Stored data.
□ □ □ □ □
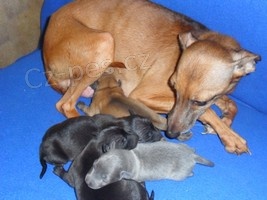 Italsk� chrt�k - �t��ata s pp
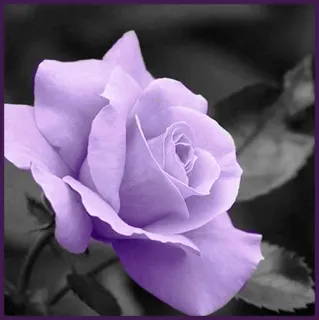 🥀 rose, fleur, violet, floral, nature, plante, floraison whatsapp sticker
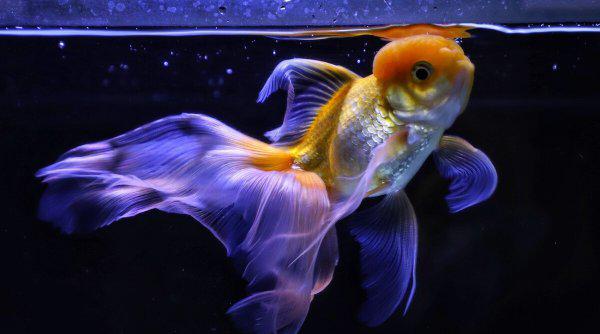 鱼缸里的鱼为什么老是死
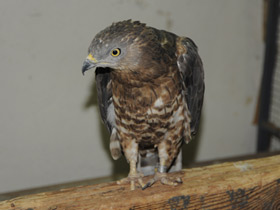 Смотреть фото Осоед Фото Осоед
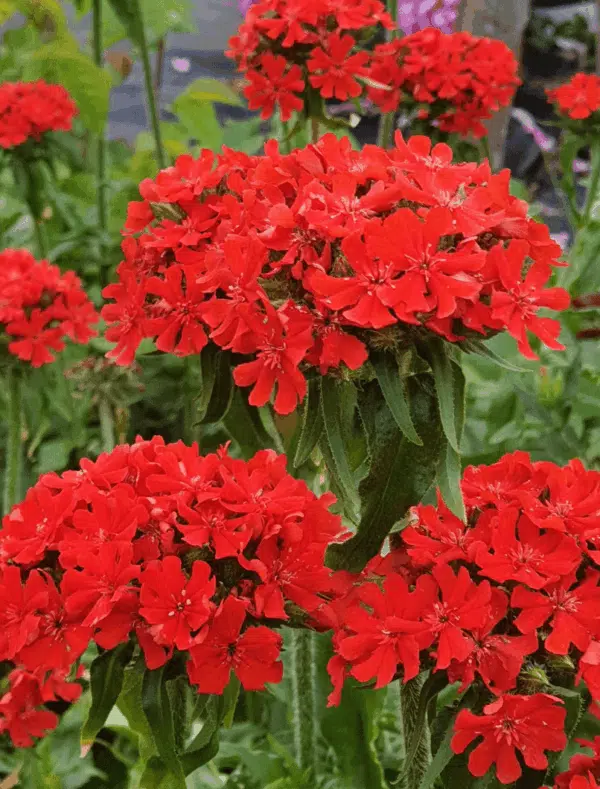 Ліхніс халцэдонскі (Silene chal.)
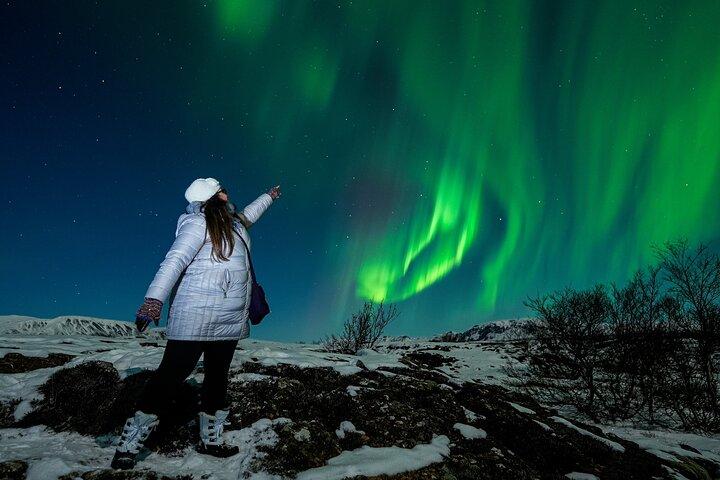 Tour privato dell'aurora boreale con foto, costumi da neve e snack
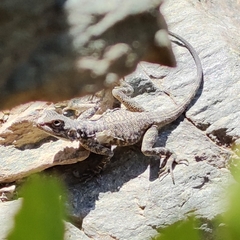 Laudakia nupta nupta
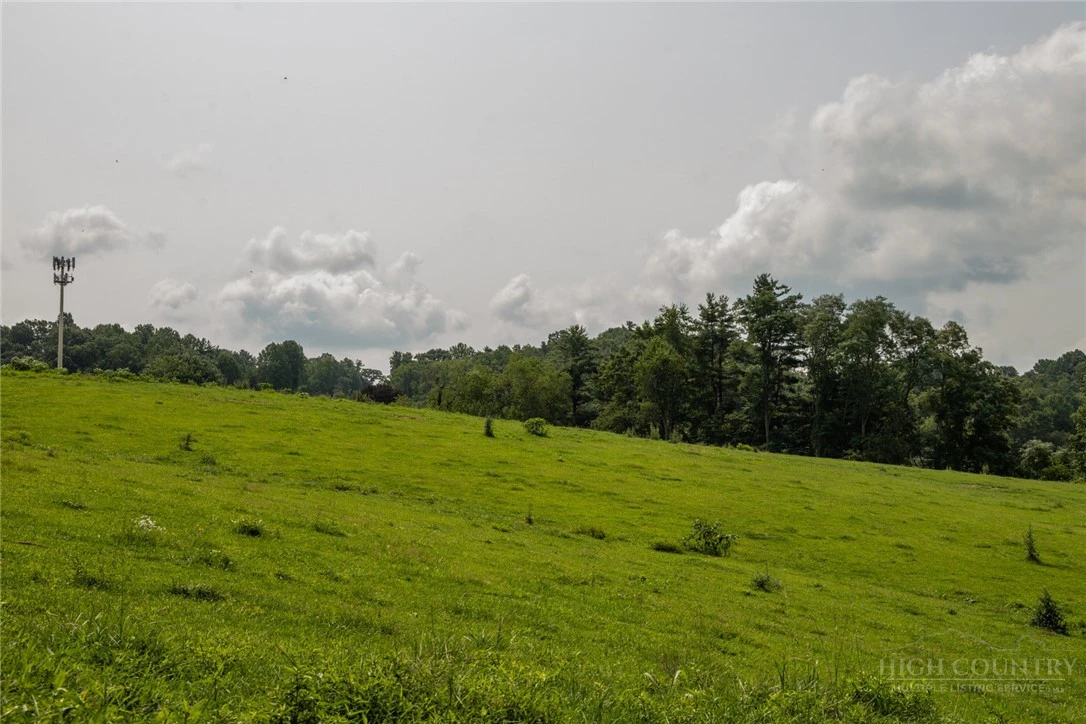 Image number 14 for the current listing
□ □ □ □ □
Extract exactly the lines from the one containing "鱼缸里的鱼为什么老是死" through the last line of the records above, both included, and leave out the pictures.

Output of the task.
 鱼缸里的鱼为什么老是死
 Смотреть фото Осоед Фото Осоед
 Ліхніс халцэдонскі (Silene chal.)
 Tour privato dell'aurora boreale con foto, costumi da neve e snack
 Laudakia nupta nupta
 Image number 14 for the current listing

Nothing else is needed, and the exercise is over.